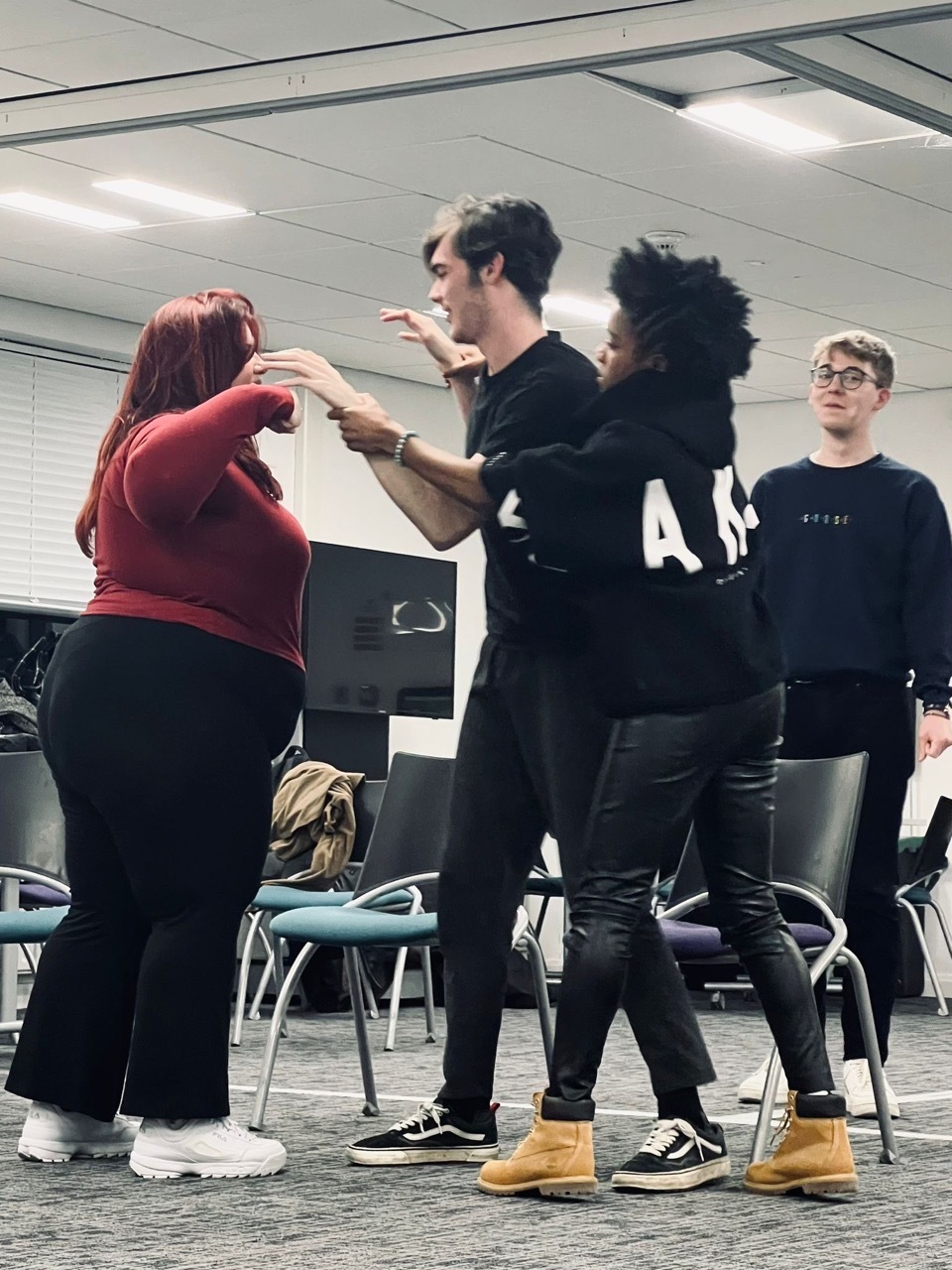 Nicole Elizabeth Phillip directing and interacting with actors.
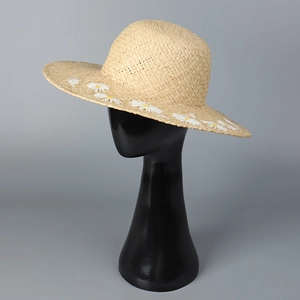 Women's Raffia straw sun hat with white daisy floral accents and wide brim for summer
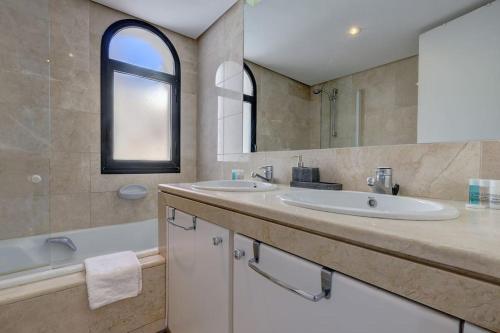 een badkamer met 2 wastafels, een bad en een spiegel bij 4 Bedroom Townhouse 200 meters from the Beach! in Estepona
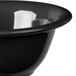 A close-up of a Carlisle black melamine nappie bowl with a white rim.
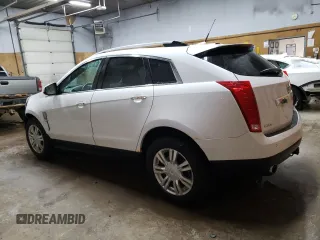 2012 Cadillac SRX Luxury Collection with VIN 3GYFNAE35CS596878, listed as a Copart auction lot 50736725 with 130,007 mi miles and Clean Title. Bid and sale history available at DreamBid. Image 2.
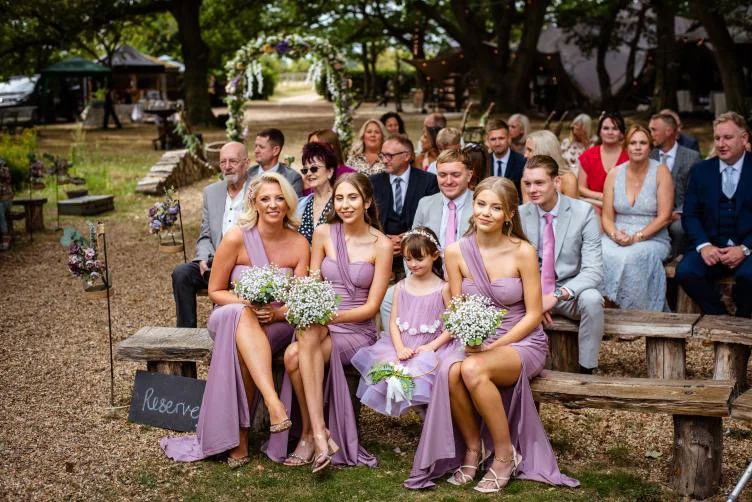 Group of wedding guests seated outdoors, including bridesmaids in lavender dresses and children holding bouquets, with a wedding arch decorated with flowers in the background.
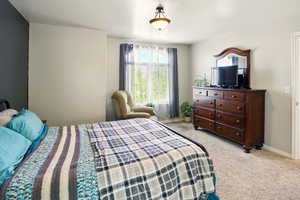 Bedroom with light colored carpet and baseboards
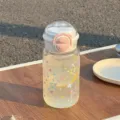 Detailopname van een transparante plastic waterfles met gekleurde sterren en roze dop. - [PC] Roze - [Dual-Drink planeet]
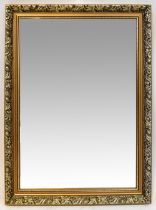 A gilt framed rectangular wall mirror with bevelled glass plate,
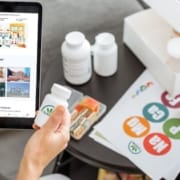 The-Real-CBD-blog-Ist-CBD-ein-Biohack Ein Mann hält ein Tablet mit der The Real CBD Website und ein Glas mit The Real CBD Tabletten
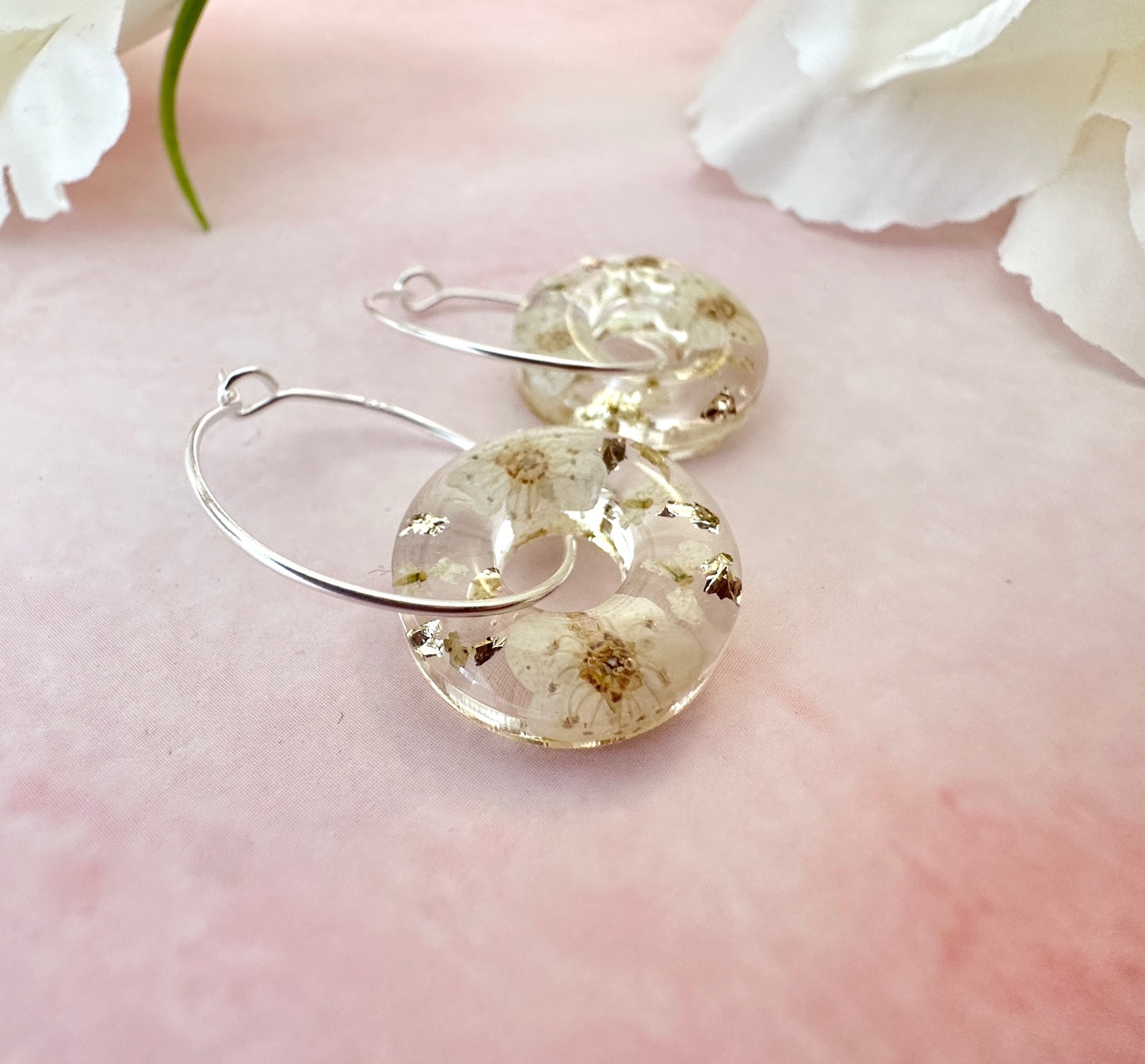 White blossom bloom flower donut earrings.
================
Copy word for word the span of the records above that begins at the line with "een badkamer met" and ends at the line with "A close-up of", including those two lines but not the pictures.

 een badkamer met 2 wastafels, een bad en een spiegel bij 4 Bedroom Townhouse 200 meters from the Beach! in Estepona
 A close-up of a Carlisle black melamine nappie bowl with a white rim.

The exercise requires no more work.